AIM OF THE EXERCISE: The expected output is the first line of the data below and every line after it, up to and including the line containing "Sachet de 10", each reproduced exactly.

----

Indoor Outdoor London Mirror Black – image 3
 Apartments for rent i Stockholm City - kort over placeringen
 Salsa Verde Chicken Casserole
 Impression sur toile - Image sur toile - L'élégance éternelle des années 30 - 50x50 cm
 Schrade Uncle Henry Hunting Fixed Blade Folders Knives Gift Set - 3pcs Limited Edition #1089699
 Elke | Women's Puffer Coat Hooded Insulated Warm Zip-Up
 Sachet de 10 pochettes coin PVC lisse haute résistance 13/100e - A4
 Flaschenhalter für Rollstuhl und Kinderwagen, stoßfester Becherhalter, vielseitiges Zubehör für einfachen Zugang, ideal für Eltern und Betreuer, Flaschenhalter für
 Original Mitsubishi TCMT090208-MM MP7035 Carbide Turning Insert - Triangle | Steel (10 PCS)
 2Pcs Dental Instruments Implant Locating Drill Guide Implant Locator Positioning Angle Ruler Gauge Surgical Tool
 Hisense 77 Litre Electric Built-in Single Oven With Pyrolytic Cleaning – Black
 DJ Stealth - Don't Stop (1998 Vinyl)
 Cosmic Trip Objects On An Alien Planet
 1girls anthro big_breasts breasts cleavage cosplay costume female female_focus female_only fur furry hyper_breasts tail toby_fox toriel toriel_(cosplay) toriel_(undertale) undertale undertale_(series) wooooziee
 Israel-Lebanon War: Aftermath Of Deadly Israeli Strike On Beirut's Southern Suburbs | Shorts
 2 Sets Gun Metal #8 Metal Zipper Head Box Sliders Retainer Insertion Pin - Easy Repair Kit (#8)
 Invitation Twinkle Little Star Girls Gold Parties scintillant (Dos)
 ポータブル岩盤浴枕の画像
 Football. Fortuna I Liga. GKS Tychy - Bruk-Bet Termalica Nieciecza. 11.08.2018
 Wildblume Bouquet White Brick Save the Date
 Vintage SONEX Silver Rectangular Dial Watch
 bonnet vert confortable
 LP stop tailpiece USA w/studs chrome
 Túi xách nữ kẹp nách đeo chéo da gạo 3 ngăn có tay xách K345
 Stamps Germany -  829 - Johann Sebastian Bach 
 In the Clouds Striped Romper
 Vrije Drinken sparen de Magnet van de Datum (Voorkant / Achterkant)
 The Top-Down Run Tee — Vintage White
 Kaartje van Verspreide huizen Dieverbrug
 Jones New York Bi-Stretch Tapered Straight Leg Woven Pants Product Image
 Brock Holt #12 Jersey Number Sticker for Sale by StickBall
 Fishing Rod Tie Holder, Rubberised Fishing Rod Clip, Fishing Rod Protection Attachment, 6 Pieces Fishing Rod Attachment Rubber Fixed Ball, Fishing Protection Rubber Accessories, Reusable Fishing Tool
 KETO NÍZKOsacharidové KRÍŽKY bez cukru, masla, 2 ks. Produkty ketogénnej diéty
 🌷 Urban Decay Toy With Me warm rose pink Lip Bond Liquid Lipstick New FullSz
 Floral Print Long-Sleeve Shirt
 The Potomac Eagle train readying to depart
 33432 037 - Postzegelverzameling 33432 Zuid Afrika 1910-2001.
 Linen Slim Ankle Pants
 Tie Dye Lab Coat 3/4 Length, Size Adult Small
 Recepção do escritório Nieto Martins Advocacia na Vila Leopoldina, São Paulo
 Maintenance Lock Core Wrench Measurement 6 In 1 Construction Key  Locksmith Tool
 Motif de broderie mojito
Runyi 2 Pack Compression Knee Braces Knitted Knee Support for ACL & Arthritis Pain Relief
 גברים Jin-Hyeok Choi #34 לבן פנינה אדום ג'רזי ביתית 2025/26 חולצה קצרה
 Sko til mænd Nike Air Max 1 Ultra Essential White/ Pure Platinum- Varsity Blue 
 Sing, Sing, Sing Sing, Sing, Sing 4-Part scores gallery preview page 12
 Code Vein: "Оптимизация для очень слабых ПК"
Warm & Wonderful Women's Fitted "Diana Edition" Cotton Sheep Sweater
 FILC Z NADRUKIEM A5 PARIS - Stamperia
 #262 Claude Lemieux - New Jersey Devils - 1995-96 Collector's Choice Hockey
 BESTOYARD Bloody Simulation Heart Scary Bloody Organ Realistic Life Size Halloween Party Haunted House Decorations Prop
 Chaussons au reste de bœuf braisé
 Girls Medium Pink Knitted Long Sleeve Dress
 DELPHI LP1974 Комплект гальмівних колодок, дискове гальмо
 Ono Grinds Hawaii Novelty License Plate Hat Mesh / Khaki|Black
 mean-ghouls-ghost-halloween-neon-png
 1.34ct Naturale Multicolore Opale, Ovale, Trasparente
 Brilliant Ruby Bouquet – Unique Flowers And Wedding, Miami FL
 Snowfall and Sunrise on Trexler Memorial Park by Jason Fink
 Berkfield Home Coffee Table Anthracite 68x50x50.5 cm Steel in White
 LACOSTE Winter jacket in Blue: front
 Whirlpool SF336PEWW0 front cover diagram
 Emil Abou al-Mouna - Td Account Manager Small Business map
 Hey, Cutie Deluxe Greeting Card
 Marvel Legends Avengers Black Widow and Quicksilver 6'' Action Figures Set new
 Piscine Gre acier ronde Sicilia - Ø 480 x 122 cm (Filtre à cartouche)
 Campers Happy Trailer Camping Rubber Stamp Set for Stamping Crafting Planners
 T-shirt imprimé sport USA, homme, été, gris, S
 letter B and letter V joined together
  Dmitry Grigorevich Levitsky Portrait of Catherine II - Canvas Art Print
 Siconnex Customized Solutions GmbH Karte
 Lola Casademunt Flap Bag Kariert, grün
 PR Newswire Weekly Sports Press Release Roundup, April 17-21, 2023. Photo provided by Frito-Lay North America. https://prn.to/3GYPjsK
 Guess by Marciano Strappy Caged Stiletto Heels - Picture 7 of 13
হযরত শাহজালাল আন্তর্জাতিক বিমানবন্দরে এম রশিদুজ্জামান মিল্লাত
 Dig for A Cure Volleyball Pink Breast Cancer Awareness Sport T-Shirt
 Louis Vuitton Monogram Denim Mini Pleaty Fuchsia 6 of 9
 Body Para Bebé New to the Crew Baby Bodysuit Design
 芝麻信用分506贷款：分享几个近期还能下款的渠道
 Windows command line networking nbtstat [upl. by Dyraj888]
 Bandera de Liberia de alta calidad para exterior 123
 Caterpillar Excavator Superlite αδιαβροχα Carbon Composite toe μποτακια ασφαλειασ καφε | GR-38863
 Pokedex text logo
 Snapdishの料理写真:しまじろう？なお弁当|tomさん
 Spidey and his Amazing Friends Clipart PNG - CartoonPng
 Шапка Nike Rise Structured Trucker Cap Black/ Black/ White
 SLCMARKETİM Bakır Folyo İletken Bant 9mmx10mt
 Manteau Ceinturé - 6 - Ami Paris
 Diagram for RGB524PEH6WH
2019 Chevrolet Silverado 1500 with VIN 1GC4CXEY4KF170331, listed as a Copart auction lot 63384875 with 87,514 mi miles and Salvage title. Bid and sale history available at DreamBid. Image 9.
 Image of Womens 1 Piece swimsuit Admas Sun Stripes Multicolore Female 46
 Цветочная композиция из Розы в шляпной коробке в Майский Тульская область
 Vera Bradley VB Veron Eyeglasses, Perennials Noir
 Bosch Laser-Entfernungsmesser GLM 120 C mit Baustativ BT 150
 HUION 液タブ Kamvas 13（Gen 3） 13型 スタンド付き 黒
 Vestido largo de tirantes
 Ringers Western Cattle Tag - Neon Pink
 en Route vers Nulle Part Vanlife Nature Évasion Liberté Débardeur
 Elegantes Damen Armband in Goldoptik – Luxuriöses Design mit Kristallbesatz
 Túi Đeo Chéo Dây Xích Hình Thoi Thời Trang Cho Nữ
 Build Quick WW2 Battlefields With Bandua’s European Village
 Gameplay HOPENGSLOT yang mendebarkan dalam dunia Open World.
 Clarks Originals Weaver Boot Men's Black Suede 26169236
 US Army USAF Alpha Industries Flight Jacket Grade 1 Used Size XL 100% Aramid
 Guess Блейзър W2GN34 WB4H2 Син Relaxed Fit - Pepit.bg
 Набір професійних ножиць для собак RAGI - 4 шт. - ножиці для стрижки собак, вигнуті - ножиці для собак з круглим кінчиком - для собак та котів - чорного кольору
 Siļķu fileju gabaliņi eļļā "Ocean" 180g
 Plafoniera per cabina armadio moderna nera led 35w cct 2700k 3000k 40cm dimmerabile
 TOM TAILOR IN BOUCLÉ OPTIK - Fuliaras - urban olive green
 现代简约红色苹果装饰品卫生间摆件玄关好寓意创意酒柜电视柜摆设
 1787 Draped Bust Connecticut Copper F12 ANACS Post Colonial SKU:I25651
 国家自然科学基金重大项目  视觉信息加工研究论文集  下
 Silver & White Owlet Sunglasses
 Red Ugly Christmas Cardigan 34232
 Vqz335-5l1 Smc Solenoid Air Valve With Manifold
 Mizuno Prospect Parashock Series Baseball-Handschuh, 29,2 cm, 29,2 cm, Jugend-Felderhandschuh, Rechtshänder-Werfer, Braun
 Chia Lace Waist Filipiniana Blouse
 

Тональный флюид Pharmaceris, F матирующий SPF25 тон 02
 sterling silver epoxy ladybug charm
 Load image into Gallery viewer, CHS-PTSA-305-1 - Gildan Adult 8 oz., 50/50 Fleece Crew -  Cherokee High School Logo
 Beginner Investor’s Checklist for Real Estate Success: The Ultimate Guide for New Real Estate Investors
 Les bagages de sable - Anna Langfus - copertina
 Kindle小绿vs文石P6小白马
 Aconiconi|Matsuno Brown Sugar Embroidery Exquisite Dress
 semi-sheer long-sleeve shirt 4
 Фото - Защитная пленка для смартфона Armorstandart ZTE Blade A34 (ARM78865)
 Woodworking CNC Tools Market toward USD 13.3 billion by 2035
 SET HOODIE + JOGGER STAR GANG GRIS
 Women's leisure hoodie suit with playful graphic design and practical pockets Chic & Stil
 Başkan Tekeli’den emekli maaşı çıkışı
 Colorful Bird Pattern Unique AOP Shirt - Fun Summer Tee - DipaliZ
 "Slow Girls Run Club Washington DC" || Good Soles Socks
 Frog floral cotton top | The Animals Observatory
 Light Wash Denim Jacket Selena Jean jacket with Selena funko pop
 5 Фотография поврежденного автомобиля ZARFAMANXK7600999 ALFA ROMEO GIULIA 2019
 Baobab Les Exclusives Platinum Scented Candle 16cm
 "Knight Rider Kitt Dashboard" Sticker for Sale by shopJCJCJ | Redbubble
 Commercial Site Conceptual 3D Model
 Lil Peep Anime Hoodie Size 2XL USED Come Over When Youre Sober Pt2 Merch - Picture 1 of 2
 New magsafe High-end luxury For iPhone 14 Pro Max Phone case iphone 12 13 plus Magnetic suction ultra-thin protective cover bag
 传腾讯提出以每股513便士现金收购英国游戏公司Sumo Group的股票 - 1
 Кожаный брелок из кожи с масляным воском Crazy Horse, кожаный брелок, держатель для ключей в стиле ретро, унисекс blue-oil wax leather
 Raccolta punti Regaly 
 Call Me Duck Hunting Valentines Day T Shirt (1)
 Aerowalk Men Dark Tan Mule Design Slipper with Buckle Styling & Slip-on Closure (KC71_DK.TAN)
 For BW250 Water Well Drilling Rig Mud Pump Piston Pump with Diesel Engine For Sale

----

RESPONSE AREA:
Indoor Outdoor London Mirror Black – image 3
 Apartments for rent i Stockholm City - kort over placeringen
 Salsa Verde Chicken Casserole
 Impression sur toile - Image sur toile - L'élégance éternelle des années 30 - 50x50 cm
 Schrade Uncle Henry Hunting Fixed Blade Folders Knives Gift Set - 3pcs Limited Edition #1089699
 Elke | Women's Puffer Coat Hooded Insulated Warm Zip-Up
 Sachet de 10 pochettes coin PVC lisse haute résistance 13/100e - A4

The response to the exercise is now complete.